## [REQUIRED WORK]
Using the data below, set down every line from the one containing "Тонкие блины с икрой и сыром" through the one containing "Vardhan Motor Driving School", inclusive and unchanged. Pictures are to be skipped.

## [DATA RECORDS]

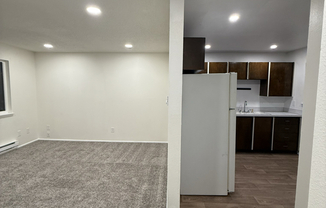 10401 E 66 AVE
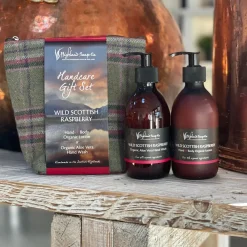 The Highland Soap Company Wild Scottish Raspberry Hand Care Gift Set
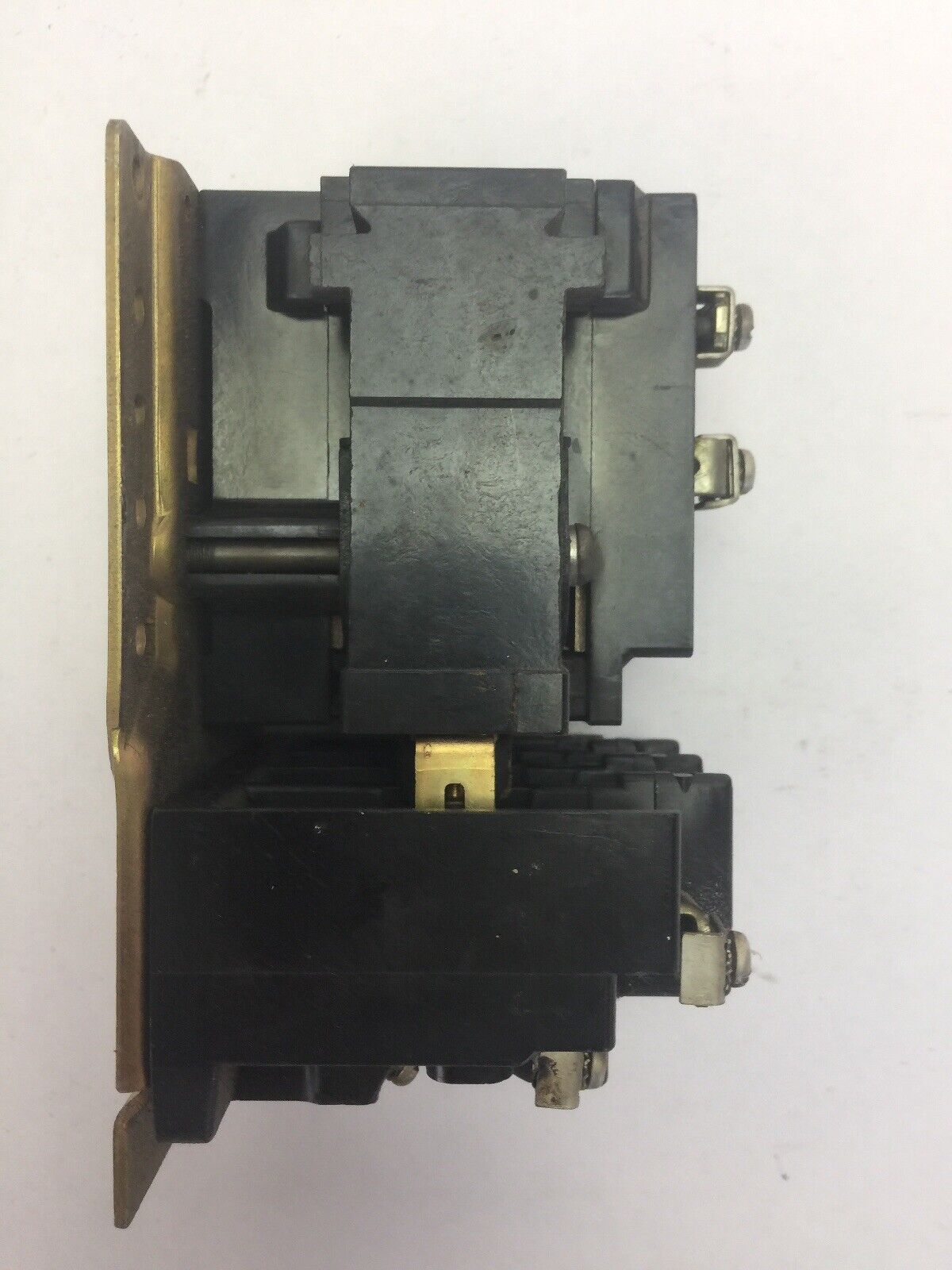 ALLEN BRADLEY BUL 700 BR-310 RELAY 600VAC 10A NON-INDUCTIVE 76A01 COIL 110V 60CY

* * *

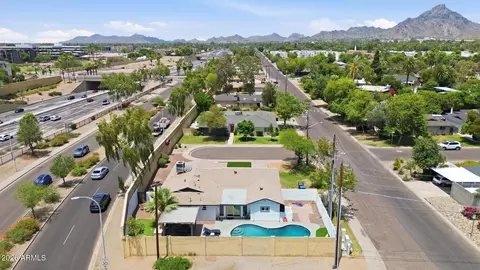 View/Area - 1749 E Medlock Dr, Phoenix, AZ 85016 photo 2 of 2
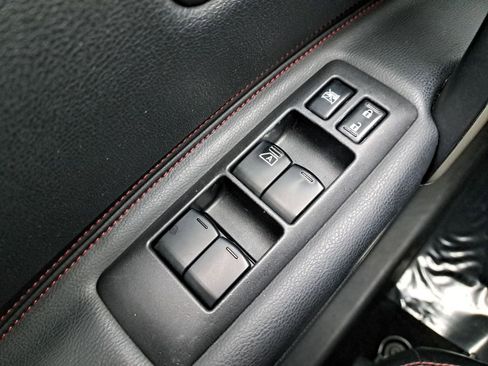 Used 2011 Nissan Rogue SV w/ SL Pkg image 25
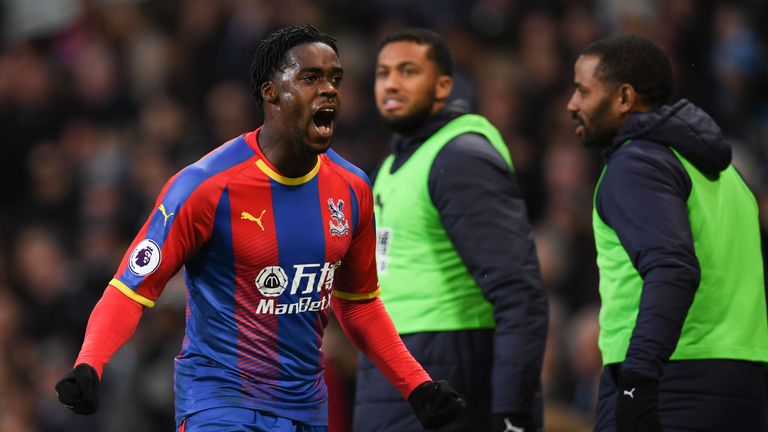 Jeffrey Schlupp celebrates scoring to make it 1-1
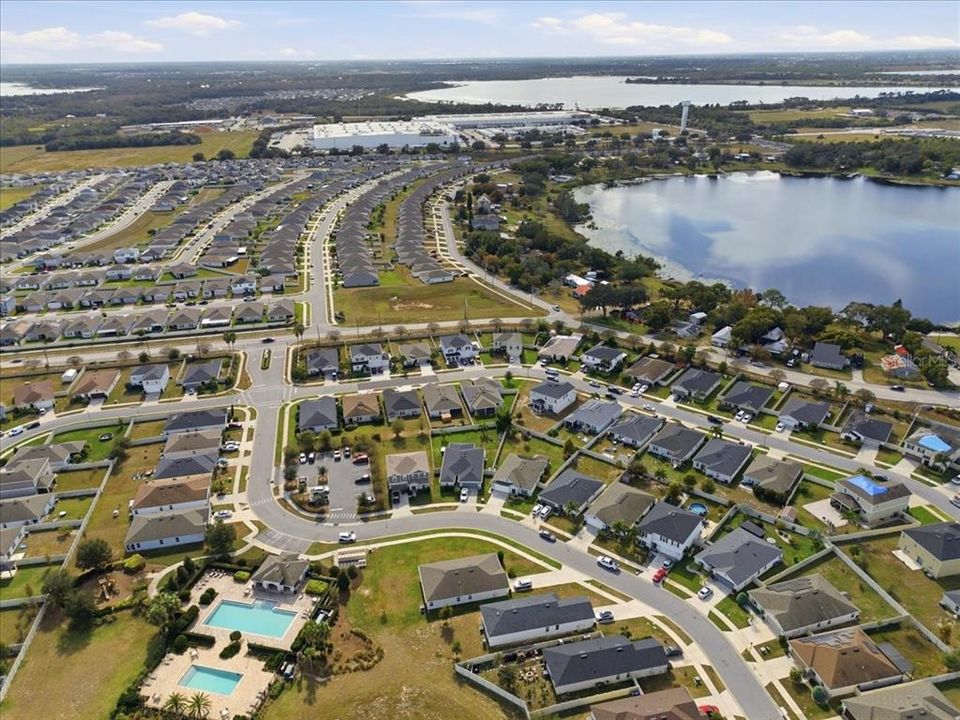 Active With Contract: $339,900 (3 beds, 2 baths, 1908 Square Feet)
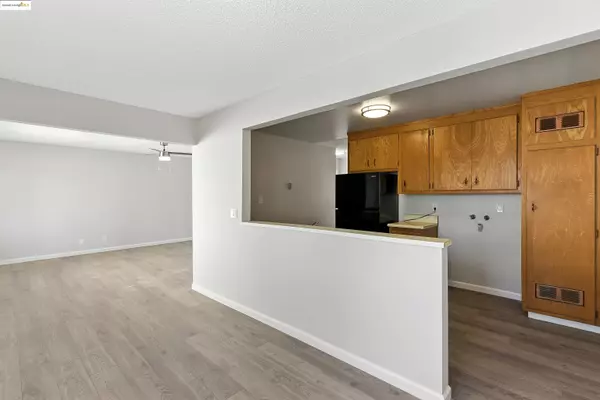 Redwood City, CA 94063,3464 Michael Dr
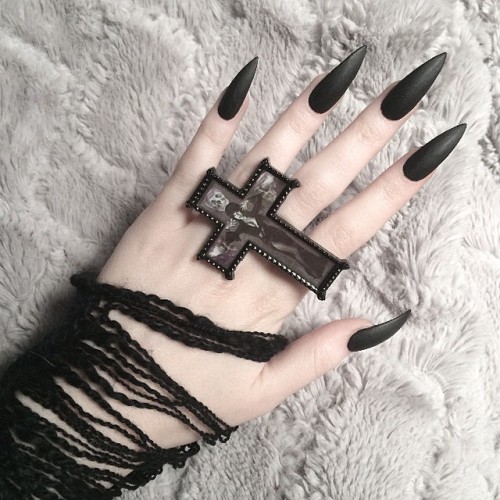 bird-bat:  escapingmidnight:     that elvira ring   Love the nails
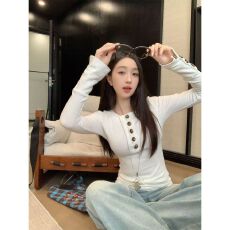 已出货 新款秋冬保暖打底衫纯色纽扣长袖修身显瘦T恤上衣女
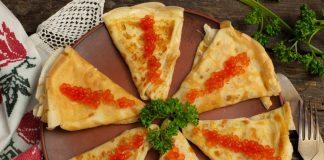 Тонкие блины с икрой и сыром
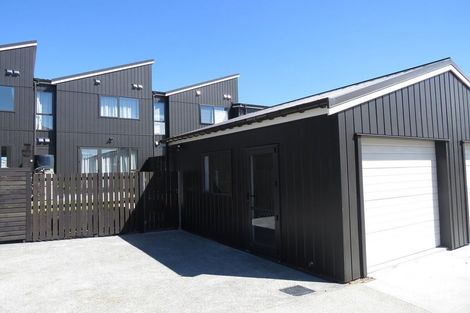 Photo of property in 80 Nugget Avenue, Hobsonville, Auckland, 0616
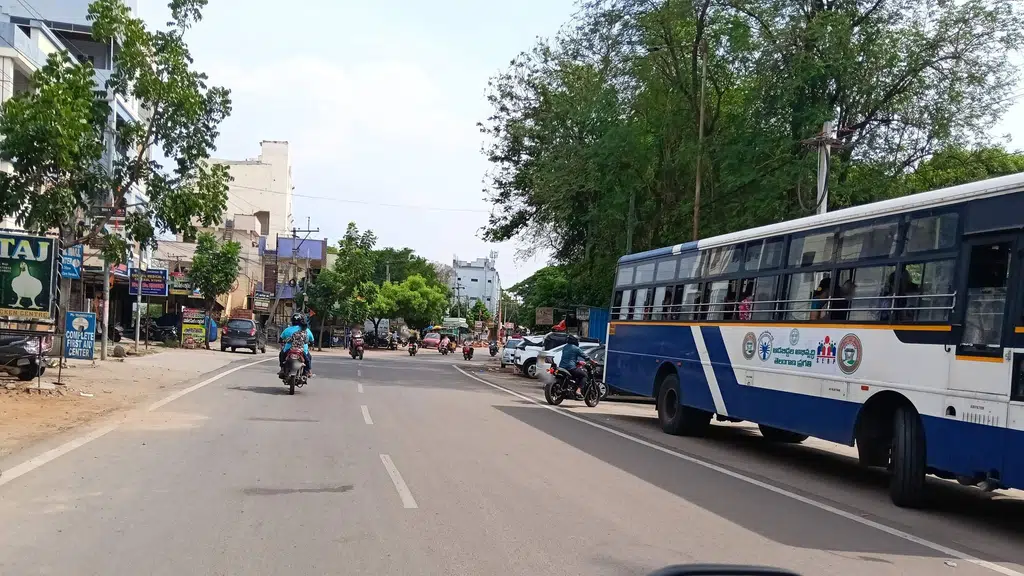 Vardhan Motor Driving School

## [WRITTEN RESPONSE]
 Тонкие блины с икрой и сыром
 Photo of property in 80 Nugget Avenue, Hobsonville, Auckland, 0616
 Vardhan Motor Driving School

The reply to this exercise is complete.